Au-delà des évolutions idéologiques ou sociologiques correspondant au déclin des partis politiques traditionnels « mainstream » et à l’émergence de nouveaux partis « de niche » (les verts, les partis populistes, le parti pirate…), les évolutions liées au web, qui touchent tous les partis politiques européens, sont particulièrement importantes.
Entre les partis de masse et les partis de niche, un nouvel idéal-type de « cyber » parti politique ou de « parti de réseau » émerge en fondant son mythe de légitimation non plus sur l’adhésion de militants et l’appropriation d’un territoire programmatique mais sur l’action en ligne et le potentiel d’accès à tous les citoyens.
Dans l’organisation et la participation des citoyens aux processus de décision politique, le modèle du « cyber » parti influence de plus en plus la vie politique. Pourquoi ?
Rôle des médias sociaux : De nos jours, le web social transforme non seulement la communication dans nos vies privées, mais également pour les organisations politiques. Le « cyber » parti offre une palette de choix beaucoup plus large aux citoyens.
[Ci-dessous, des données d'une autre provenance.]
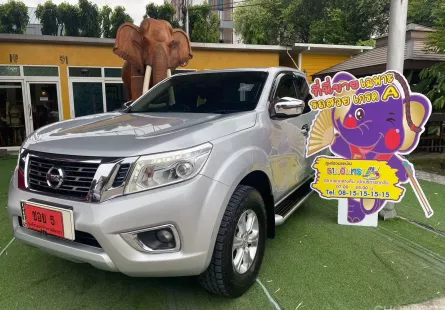  2020 Nissan NP 300 Navara 2.5 Calibre V รถกระบะ 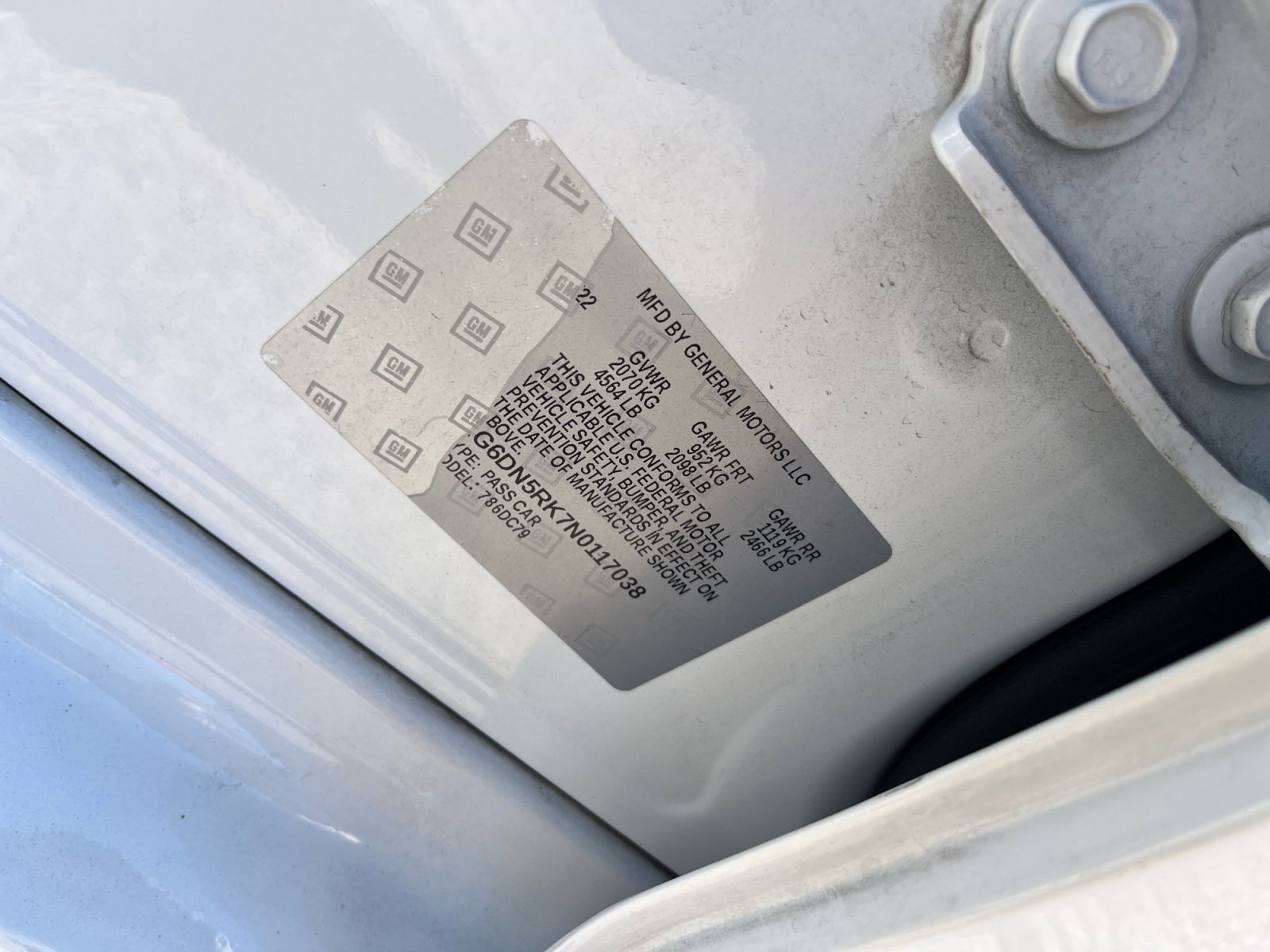 Used 2022 Cadillac CT5 Premium Luxury w/ Climate Package image 25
Les électeurs peuvent désormais interagir de manière nouvelle, à la fois pour promouvoir et pour critiquer les idées des partis politiques.
Communication politique multi-canal : Les partis politiques ont beaucoup plus des moyens de toucher les électeurs, et les nouvelles plateformes sociales (comme Twitter) permettent une communication plus souple et plus diversifiée. L’utilisation du web social soulève également des risques en rendant plus difficile pour un parti d’avoir un agenda constant.
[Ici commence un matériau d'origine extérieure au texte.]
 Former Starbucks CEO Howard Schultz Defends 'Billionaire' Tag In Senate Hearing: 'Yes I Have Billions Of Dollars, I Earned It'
Cycle de l’information en continue : Le flot constant de l’information rend plus difficile aux partis politiques d’établir une présence dans une compétition avec des milliers de sources pour capter une attention limitée des électeurs. Avec l’info en continue, il y a aussi le risque que même de petites erreurs qui auraient pu passer inaperçues auparavant puissent maintenant se retrouver dans les campagnes négatives des rivaux politiques.
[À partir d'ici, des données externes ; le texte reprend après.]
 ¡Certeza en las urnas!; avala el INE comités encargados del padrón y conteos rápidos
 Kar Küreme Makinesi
Baisse du coût de la mobilisation : Les cyber partis peuvent faire campagne grâce à des méthodes et outils moins coûteux avec les technologies modernes.
Des éléments optimistes (concernant les possibilités de militantisme « virtuel ») et pessimistes (concernant les adhésions « réelles » et la stabilité des électorats)
Les conséquences du modèle de « cyber » parti politique sont ambivalentes :
- Les « cyber-optimistes » décrivent le potentiel démocratique d’internet et mettent l’accent sur l’amélioration de l’accès par internet ;
- Les « cyber-pessimistes » soulignent les menaces potentielles pour la démocratie en termes de représentation institutionnelle traditionnelle.
Cette nouvelle forme de participation politique soulève des questions quant à la viabilité des partis politiques tels qu’ils existent aujourd’hui. Cela pourrait avoir des conséquences dramatiques pour les partis politiques « mainstream » s’ils ne parviennent pas à s’adapter au web.
Quid de la future campagne des élections européennes ?
De grands espoirs sont placés sur le web 2.0. Cependant, il n’y aura pas d’effets miracles. Néanmoins, Facebook et Twitter et quelques autres médias sociaux peuvent contribuer à l’activation et à la mobilisation des membres et des non-membres (déjà politisés).
Le type d’adhésion classique à un parti politique perd de son importance. Les électeurs voteront de plus en plus pour des mouvements absents de la vie politique partisane. Mais, les partis politiques traditionnels ne sont pas pour autant en danger.
Avec moins de pénétration dans la société, la question est de savoir si les partis politiques sont encore légitimes. Pour le rester, le principal défi des partis de demain sera de mettre en œuvre de nouvelles formes de participation réalistes.
Les partis doivent adapter leur communication, tout en maintenant la stabilité, la crédibilité et la fidélité de leur électorat. Dans le cas contraire, les partis politiques seront des véhicules tout simplement interchangeables d’émotions imprévisibles produites par des médias (sociaux) et du marketing, et perdront leurs racines profondes et leurs fonctions dans la société qui est la transformation des intérêts de la population (input) dans le processus de prise de décisions publiques (output).
Au total, les élections européennes de 2014 étaient clés pour la légitimité de l’UE. Internet le sera également pour les partis politiques européens.